3rd Quarter 2013 - Industrial Market Trend Report

Pulse Quickens (Download Full Report)

The market appears to be slowly waking up and gaining momentum across a broader range of property types.  Previously, most of the activity was focused on larger warehouse and distribution spaces over 20,000 square feet. During the quarter activity increased across most segments. Compared to the previous quarter the number of inquiries was noticeably higher for a broader range of space requirements. This translated to 20 percent more of deals being signed versus the previous year. Confidence appears to slowly be returning.

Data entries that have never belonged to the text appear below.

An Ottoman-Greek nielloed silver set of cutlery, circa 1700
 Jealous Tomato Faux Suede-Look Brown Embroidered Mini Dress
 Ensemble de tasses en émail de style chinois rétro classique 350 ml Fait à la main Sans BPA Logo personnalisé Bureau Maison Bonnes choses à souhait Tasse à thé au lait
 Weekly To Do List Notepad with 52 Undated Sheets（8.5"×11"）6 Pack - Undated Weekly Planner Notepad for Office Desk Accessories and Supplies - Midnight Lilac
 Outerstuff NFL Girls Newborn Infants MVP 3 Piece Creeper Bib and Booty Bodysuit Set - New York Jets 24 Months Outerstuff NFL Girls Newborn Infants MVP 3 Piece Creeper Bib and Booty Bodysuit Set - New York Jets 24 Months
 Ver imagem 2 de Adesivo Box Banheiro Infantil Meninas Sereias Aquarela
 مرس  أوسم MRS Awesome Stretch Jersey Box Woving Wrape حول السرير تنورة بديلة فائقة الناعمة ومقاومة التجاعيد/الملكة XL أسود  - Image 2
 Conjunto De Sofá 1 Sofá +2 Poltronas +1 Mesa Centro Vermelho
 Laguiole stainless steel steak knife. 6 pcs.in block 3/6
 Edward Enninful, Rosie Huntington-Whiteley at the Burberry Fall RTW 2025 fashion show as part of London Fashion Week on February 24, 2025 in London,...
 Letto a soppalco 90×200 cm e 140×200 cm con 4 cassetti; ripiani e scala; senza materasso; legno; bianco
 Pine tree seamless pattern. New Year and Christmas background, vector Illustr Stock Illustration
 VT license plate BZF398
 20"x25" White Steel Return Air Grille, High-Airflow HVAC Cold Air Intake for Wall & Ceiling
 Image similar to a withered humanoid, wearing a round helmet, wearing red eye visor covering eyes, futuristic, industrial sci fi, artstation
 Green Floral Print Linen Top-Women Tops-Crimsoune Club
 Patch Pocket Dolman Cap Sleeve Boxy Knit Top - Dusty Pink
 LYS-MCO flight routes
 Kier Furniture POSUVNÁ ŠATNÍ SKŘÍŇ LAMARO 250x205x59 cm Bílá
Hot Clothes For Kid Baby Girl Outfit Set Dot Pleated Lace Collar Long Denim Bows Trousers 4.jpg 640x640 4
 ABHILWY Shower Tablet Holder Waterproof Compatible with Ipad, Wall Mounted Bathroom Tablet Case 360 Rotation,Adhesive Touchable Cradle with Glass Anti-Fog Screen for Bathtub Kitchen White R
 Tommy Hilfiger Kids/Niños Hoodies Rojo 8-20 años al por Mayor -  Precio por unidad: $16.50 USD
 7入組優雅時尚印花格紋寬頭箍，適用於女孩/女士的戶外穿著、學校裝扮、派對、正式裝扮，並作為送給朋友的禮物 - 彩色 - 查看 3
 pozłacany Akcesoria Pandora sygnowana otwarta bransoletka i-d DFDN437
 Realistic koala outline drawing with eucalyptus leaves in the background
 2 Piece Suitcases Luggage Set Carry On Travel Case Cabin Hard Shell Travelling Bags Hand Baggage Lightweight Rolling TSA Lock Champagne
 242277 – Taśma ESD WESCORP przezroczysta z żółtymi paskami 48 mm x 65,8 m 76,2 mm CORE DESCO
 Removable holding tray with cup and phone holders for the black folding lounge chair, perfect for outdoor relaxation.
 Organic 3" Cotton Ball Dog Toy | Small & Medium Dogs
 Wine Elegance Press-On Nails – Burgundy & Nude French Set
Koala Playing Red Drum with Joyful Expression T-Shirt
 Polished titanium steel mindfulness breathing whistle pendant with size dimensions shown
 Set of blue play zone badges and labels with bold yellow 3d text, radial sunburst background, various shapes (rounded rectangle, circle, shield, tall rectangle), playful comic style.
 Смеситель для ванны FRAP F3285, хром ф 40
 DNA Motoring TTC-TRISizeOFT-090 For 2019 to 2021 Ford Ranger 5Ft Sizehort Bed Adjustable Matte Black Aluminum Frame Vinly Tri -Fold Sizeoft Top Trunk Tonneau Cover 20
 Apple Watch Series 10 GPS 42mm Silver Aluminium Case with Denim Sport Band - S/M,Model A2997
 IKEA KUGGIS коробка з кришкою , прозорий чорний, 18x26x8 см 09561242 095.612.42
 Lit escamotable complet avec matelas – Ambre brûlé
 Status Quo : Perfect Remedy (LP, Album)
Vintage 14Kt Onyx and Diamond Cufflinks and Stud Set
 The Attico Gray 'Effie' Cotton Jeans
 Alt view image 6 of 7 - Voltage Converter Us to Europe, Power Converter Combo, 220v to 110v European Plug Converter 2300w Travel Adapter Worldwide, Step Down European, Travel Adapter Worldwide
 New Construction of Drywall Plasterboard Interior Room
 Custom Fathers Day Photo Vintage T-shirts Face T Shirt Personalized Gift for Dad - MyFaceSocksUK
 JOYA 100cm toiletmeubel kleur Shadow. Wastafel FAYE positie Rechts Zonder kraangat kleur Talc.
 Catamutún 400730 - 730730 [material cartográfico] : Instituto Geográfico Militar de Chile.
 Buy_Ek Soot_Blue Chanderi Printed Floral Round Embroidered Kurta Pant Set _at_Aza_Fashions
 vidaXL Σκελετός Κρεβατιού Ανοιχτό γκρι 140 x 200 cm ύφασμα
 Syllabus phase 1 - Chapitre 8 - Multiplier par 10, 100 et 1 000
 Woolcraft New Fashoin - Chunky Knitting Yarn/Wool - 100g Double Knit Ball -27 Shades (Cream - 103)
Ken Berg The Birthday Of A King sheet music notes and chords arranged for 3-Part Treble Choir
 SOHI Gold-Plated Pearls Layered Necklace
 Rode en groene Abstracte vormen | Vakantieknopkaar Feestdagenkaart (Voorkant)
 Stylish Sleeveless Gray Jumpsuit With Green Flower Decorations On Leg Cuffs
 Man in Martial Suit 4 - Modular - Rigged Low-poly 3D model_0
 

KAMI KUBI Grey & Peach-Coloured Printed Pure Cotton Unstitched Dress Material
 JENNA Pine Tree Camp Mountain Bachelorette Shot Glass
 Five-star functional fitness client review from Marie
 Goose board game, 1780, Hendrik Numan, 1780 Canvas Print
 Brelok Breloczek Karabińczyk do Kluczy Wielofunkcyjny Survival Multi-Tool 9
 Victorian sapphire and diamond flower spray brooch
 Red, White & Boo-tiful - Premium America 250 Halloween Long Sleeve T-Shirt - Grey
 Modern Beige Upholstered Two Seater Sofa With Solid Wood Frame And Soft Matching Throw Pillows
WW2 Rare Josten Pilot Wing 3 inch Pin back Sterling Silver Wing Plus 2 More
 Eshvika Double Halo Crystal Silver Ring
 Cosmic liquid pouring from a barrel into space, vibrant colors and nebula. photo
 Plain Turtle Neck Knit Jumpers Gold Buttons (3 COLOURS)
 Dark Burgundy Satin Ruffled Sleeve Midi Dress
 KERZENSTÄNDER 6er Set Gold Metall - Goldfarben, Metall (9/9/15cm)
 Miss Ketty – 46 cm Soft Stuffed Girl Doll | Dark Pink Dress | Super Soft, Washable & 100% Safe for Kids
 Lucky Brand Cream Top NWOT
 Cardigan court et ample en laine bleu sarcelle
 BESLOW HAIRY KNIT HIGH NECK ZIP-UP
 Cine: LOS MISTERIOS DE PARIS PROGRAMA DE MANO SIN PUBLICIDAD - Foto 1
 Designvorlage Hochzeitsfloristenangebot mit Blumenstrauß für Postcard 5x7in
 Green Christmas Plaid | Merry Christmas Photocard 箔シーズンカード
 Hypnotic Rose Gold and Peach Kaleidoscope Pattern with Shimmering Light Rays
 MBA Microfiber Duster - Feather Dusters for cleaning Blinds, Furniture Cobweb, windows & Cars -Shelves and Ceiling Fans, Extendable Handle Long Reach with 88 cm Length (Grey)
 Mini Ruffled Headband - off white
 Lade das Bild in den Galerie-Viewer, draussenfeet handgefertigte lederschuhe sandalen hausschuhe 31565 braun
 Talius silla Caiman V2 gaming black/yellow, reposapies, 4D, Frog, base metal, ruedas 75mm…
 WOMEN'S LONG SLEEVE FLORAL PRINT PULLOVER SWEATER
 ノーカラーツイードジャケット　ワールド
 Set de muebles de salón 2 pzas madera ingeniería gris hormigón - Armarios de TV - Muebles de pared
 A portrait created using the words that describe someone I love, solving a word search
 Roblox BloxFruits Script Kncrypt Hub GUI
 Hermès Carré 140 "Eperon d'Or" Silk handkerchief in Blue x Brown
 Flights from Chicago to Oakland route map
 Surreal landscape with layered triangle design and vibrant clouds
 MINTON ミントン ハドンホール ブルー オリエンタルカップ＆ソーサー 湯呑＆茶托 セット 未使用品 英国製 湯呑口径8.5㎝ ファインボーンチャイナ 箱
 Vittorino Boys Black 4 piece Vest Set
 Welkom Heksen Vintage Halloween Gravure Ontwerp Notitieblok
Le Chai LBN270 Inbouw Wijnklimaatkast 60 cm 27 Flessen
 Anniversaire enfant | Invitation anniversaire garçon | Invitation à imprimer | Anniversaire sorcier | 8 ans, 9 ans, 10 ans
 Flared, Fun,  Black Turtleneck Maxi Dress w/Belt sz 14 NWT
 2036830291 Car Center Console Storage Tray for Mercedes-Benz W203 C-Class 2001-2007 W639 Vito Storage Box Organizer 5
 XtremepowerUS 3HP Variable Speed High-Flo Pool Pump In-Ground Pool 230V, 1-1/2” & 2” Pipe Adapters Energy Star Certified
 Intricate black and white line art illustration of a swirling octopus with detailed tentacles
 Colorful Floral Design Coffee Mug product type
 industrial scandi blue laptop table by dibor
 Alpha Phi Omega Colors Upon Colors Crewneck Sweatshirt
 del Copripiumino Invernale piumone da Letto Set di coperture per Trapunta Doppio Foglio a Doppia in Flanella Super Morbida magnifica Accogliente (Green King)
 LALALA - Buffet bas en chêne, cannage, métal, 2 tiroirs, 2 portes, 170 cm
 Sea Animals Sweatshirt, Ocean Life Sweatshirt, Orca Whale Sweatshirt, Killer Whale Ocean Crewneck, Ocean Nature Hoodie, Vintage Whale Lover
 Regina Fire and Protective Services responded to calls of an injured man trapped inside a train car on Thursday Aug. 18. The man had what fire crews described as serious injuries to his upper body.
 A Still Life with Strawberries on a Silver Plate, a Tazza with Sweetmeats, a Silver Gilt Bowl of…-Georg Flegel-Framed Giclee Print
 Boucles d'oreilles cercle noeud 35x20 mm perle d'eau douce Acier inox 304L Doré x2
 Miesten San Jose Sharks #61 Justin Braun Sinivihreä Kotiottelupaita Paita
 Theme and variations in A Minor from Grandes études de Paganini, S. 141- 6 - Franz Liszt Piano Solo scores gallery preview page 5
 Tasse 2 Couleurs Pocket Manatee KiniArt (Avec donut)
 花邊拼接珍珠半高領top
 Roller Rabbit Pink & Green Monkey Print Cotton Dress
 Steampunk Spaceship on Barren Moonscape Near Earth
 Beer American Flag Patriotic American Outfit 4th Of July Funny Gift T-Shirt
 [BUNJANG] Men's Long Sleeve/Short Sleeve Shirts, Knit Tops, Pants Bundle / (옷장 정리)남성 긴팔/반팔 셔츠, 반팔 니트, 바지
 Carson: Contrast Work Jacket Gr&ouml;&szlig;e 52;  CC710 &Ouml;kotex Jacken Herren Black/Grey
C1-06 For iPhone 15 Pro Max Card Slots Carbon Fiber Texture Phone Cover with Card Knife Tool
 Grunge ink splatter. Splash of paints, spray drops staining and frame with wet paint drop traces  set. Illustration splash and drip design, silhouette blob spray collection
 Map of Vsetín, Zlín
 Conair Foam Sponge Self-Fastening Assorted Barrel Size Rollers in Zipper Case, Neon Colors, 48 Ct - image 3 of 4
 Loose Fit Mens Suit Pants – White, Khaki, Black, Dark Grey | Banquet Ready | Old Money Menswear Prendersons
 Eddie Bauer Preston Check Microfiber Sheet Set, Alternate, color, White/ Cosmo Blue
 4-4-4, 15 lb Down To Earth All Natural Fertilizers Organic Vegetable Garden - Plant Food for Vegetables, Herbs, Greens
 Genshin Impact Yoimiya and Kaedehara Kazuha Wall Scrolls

As the market bottom appears to be forming a strong base, many tenants are seeking to improve their quality of space and location characteristics. The predominant theme is that a sense of urgency is returning and options are actively being investigated.  On the supply side a significant amount of the available inventory is comprised of older, functionally obsolete spaces. Even with attractive pricing this inventory is typically being over looked. As the more desirable inventory is getting absorbed, the overall asking rates are beginning to trend downward. 

The trend for non-traditional users like charter schools, fitness gymnasiums, and churches taking advantage of affordable industrial spaces appears to be a mainstay of the market. Almost twenty percent of the overall space absorbed since the beginning of the year can be attributed to non-traditional tenants. Combined with virtually no new speculative construction projects moving forward have helped to stabilize the overall market. 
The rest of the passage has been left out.